The mission will be used to study geological conditions on the moon’s far side, which is not visible from earth.
Zou said the far side of the moon had a “clean electromagnetic environment, which provides an ideal field for low frequency study”.
“If we can can place a frequency spectrograph on the far side, we can fill a void,” Zou said.
The probe, Chang’e-4, is similar to the ones used in China’s previous lunar missions, but will have a higher payload.
China became the third country, after the US and the former Soviet Union, to land a probe on lunar soil when it’s Chang’e-3 probe reached the moon in 2013.

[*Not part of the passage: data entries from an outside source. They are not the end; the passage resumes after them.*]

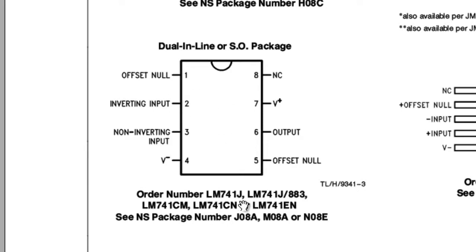This is the schematic symbol for the LM741. Pin number one and pin number five are the offset null pins, which we are not going to use. We will be using the inverting input on pin number two, the non-inverting input on pin number three, pin number four connected to negative voltage, pin number seven as the supply voltage, and pin number six as the output. So out of eight pins, we'll be using pins two, three, four, seven, and six.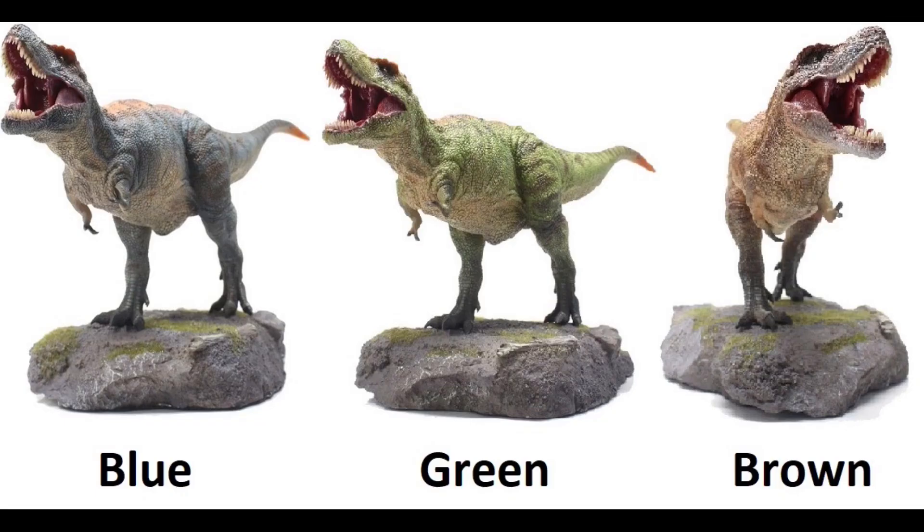Are you a serious dinosaur collector that wants to make better buying decisions? If so, this is the show for you. Welcome to episode 37 of the Dinosaur Review Show. Today we continue our journey into the land of T-Rex. We're going to look at the T-Rex figures from Hollingood.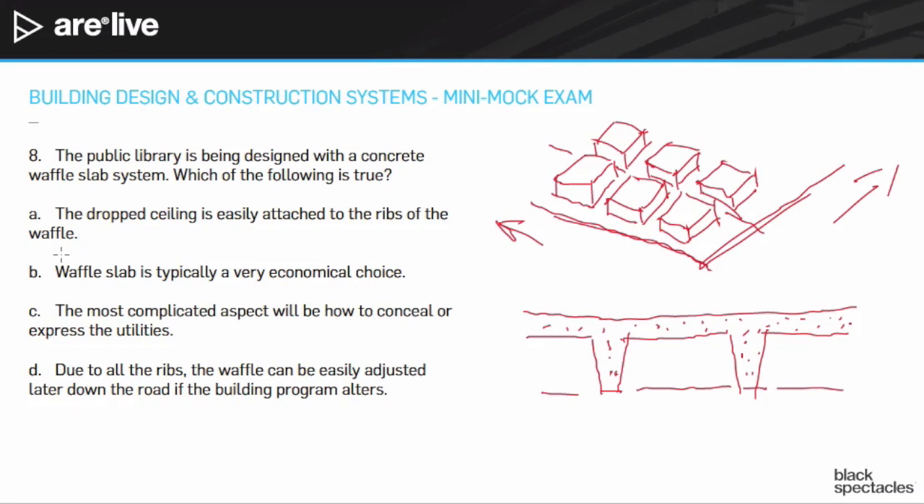Answer A: the drop ceiling is easily attached. Could you drop down hangers and have a drop ceiling? Absolutely, you could do that. But you would be putting a drop ceiling on what is already one of the most expensive ceilings. Why would you do that? A is not going to be the answer, because the whole point of a waffle slab is that it's a beautiful system that is both structurally expressive and serves as structure and finish all at the same time. So A doesn't make any sense.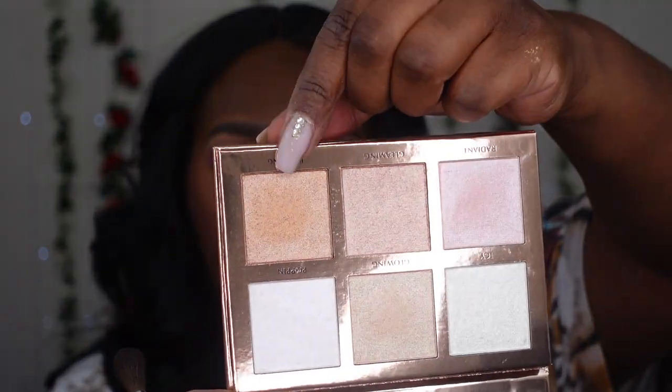For my highlighter, I'm going in with the ace palette. This is what the face is giving! I love the look, you guys. I haven't even put on my lashes yet, so let me go pop those on really quick so I can fall even more in love with this look.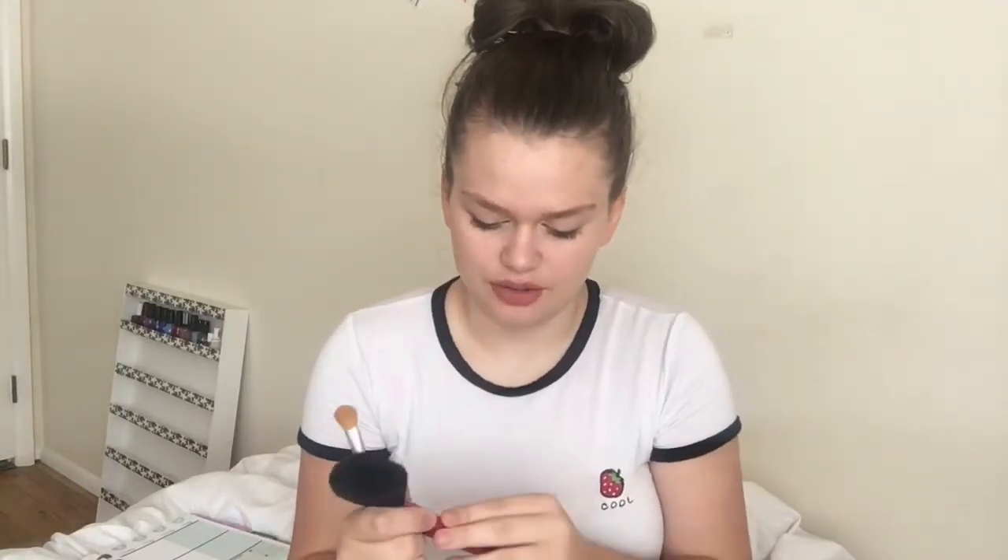For drying your makeup brushes, I have a towel and I lay them on the back of the toilet with the towel underneath, so they're kind of slanted down or flat. You don't want to put your brushes in a sink full of water and just lay them there because that's what loosens up your brushes. It loosens up the glue — you can even see inside this one. This is a really cheap brush and look, that's what happens. It loosens up the glue and you don't want that. But this is my favorite powder brush so I'm not going to throw it away.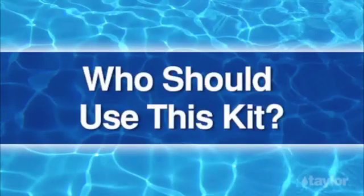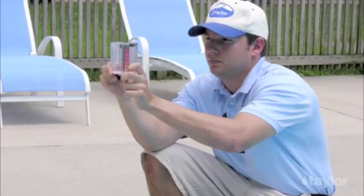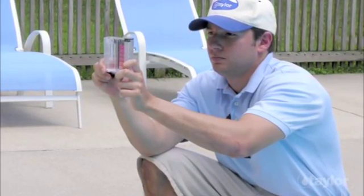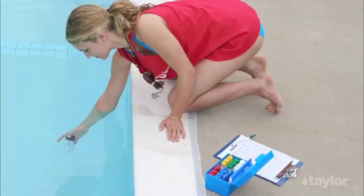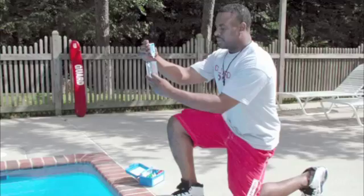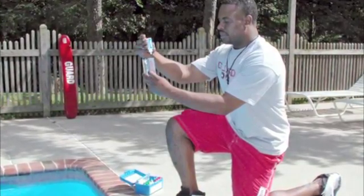Who should use this kit? The Complete FAS DPD Test Kit K2006 is specifically designed for service technicians, operators of commercial aquatics facilities, health officials, and other professionals whose responsibilities include monitoring water quality in public pools or spas. Homeowners who want to be more exacting about their water testing regimen will also find this kit useful.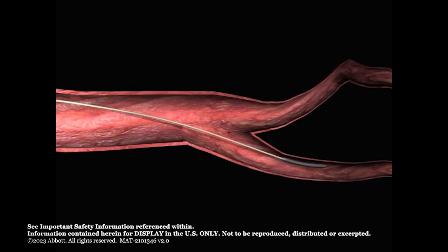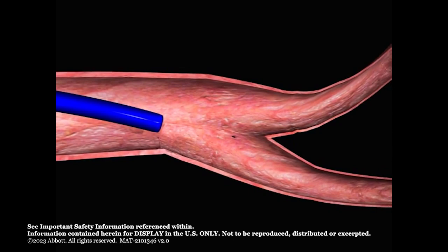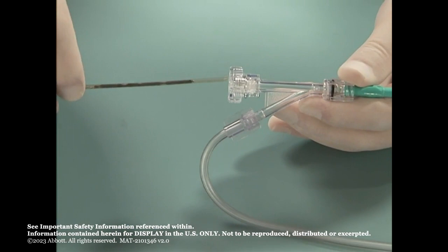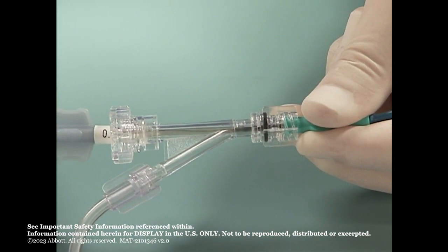Advance the selected delivery sheath or guide catheter over the guide wire to place the distal tip at the distal edge of the occlusion site. Remove the guide wire. Open the hemostasis valve or Y connector on the delivery system and insert the loading device into the valve. Advance the delivery wire to move the plug into the delivery system.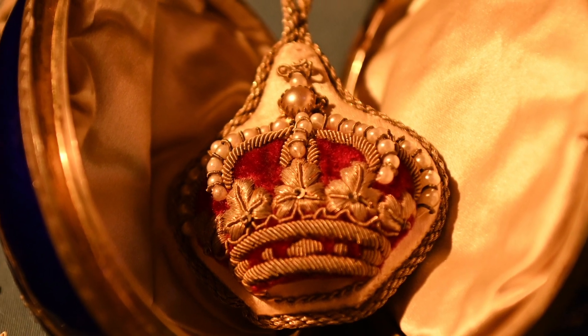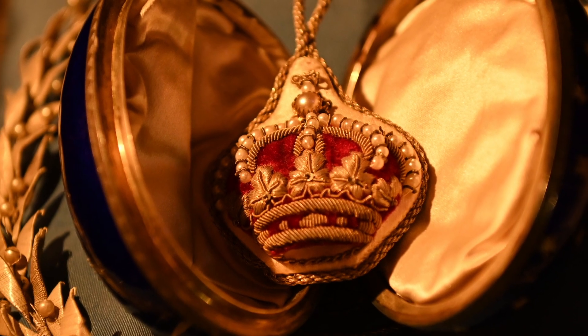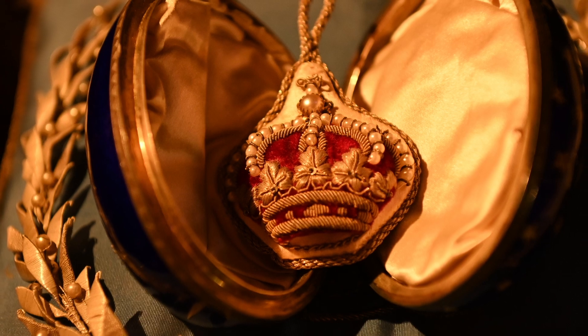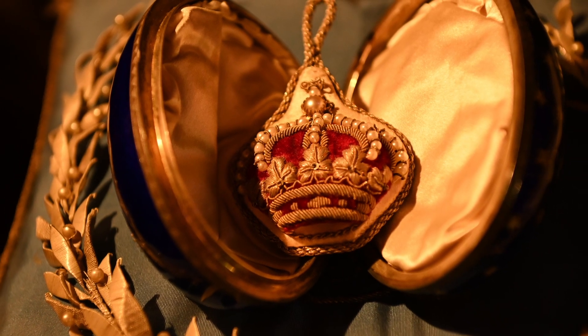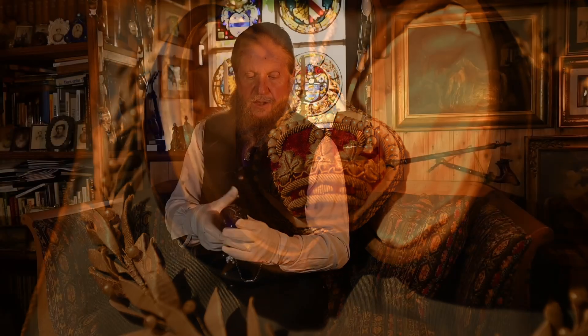Wieder die Königskrone mit Flussperlen. Und in diesem Behältnis war ein großer Diamant. Der befindet sich jetzt nicht mehr in diesem Ei. Und zu diesem Ei gibt es eine lange Geschichte zu erzählen.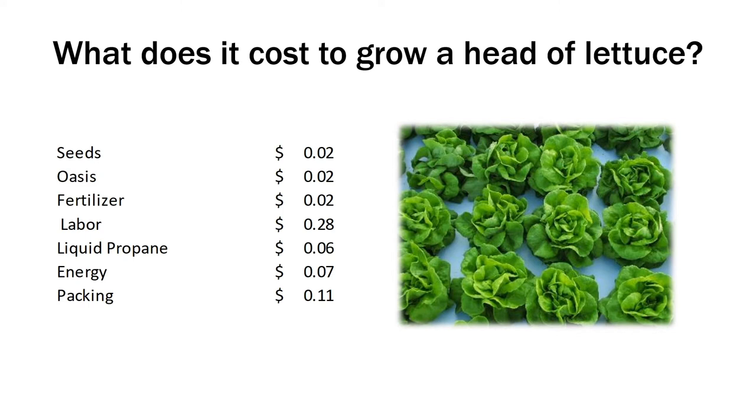So what does it cost to grow a head of lettuce? Seeds and oasis cubes — that's what you grow the lettuce transplants in — along with fertilizer are pretty minor expenses, not stuff you really need to worry about too much. However, labor is a huge expense, energy cost is a huge expense, and a lot of the expense people don't consider at all when they're starting out is packing or packaging.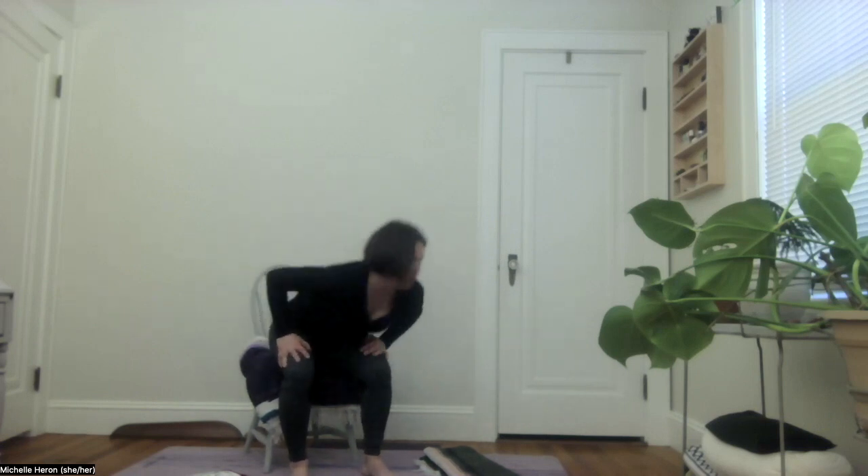From here we could do a few rocking motions forward and back, adding in those hip circles. Maybe pressing the hands into the thighs and allowing the elbows to extend out away from the center line of your body, changing the direction of the circles.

Michael Brown, an observational astronomer at Monash University in the Australian city of Melbourne, told Al Jazeera that landing on the far side of the moon posed challenges because earth cannot be seen from it and so mission controllers faced difficulty communicating with spacecraft.
“The communication problem will be solved by having a spacecraft orbiting the moon to relay radio signals from the far side of the moon back to earth,” Brown said.
“This shouldn’t be too difficult a problem to solve, given spacecraft orbiting Mars regularly relay signals from the Opportunity and Curiosity rovers that are driving around on that planet.”
“The Chinese space programme has demonstrated that they can land on the moon and build communications satellites, so their goal to land on the far side of the moon by 2020 is certainly feasible.”
The moon’s far side, contrary to common misconceptions, is not dark, but is never seen from earth as its rotational period is the same as its orbital period, Brown said.
“While it’s sometimes called the ‘dark side of the moon’, the sun does rise and set there … we can thank Pink Floyd for the misnomer.”